Zero-day protection is the ability to provide protection against zero-day exploits. Since zero-day attacks are generally unknown to the public, it is often difficult to defend against them. Zero-day attacks are often effective against "secure" networks and can remain undetected even after they are launched.

A zero-day (also known as zero-hour or 0-day) vulnerability is a disclosed computer-software vulnerability that hackers can exploit to adversely affect computer programs, data, additional computers or a network.[1] It is known as a "zero-day" because once the flaw becomes known, the software's author has zero days in which to plan and advise any mitigation against its exploitation (for example, by advising workarounds or by issuing patches).

Also I didn't say we were detecting zero-day vulnerabilities for the world, you misread. I was talking about finding evidence of zero-day exploits within our organization. We have however found vulnerabilities with the software we use and have disclosed those vulnerabilities in private.
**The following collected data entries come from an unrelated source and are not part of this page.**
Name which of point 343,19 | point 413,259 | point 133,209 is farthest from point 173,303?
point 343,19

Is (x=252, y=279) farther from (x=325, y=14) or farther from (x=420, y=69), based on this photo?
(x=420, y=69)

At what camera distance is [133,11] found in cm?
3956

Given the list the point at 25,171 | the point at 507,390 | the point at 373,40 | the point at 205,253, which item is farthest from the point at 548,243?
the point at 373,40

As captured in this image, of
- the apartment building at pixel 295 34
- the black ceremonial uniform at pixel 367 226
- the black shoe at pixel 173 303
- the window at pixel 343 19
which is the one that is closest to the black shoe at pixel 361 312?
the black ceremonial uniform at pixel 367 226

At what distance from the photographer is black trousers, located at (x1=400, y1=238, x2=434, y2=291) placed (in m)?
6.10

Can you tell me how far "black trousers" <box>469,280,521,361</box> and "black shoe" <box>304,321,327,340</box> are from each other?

The links I provided are malware analysis sandboxes, exactly. We can supply files we intercept to those sites and get a play-by-play analysis on what the file does when no engine or heuristic scan picks up on it as malicious. We've run into more than a few that have been completely off the radar of multi-scanners (VT etc) and yet we can see things such as modifications of autoruns and/or odd memory functions.

Anyway, you seem set on pointing out something wrong here when I think you just misread. Yes I know the difference between exploits and payloads (which is the better term to use than just "malware"). I disagree that zero-days are rare...but not every CVE gets an active exploit obviously. I also disagree exploits aren't something we typically use definition lists to stop...once a vulnerability is definable, it can be stopped on the perimeter firewall or via custom definitions....we do these all the time with our Palo Altos and privilege broker.

Anyway, no harm done if this was just a misunderstanding. Hope you see that I'm talking about how we dig through the mess of undefined exploits and payloads that we run into on a daily basis. If you want to get pedantic I can re-write the original post to make it clearer.